We're not. I just don't want it as the default. It's fine as an optional sidebar, but not as the default. It changes D&D into a different game. Yelling my wounds away is the main reason I stayed away from 4e.

Well, based upon the design tenets that they've been following... you could easily look at it even right now that there is no "non-magical healing" as the default... because the "core" of the game (as Mearls and company have continually made mention) is Fighter / Rogue / Cleric / Wizard. So by default all healing is magical, because the Cleric is the only class capable of healing as part of the "core".
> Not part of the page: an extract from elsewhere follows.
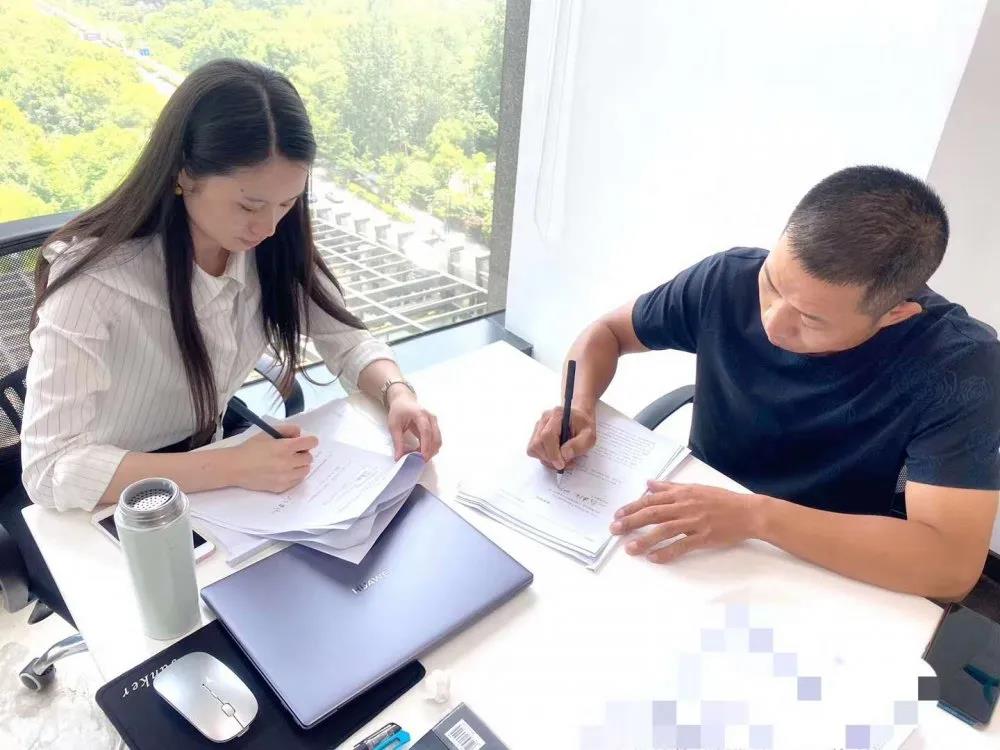 熱烈祝賀張總簽約創(chuàng)綠家湖北省咸寧市縣級代理！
The Warlord (along with all the other classes besides the big 4) are being treated in this edition more as niche extras, rather than the base of the game. So anything those class do, are built upon the default game, rather than a direct part of it. Thus, there's no reason why you need to worry regardless of which side of the fence you lie... because if you don't want it, you don't have to allow any or all of niche classes into your core game (thereby keeping the Warlord out)... and if you do, you already are going along with the idea of not playing just core, and thus using the Warlord isn't any big deal. You can use him and have his non-magical healing without issue.
 

Yelling my wounds away is the main reason I stayed away from 4e.
Not liking the idea of non-magical hit point recovery is one thing. Deliberately misrepresenting the in-game fiction of non-magical hit point recovery is another. A warlord restores hit points by inspiring his allies and restoring vigor and fighting spirit. If you don't like that, or think that it does not gel with your idea of what hit points represent, please say that instead of deliberately trying to describe what the warlord is doing in the most ridiculous terms you can think of. Much appreciated.
 

Not liking the idea of non-magical hit point recovery is one thing. Deliberately misrepresenting the in-game fiction of non-magical hit point recovery is another. A warlord restores hit points by inspiring his allies and restoring vigor and fighting spirit. If you don't like that, or think that it does not gel with your idea of what hit points represent, please say that instead of deliberately trying to describe what the warlord is doing in the most ridiculous terms you can think of. Much appreciated.

Sorry, I call 'em like I see 'em. You get hit with a sword, you bleed, you lose hit points. Someone yells at you, you regain hit points. That's yelling wounds away. I'm not misrepresenting anything. Unless the dm says "the barbarian's sword goes into your rib cage, and suddenly you just want to be held."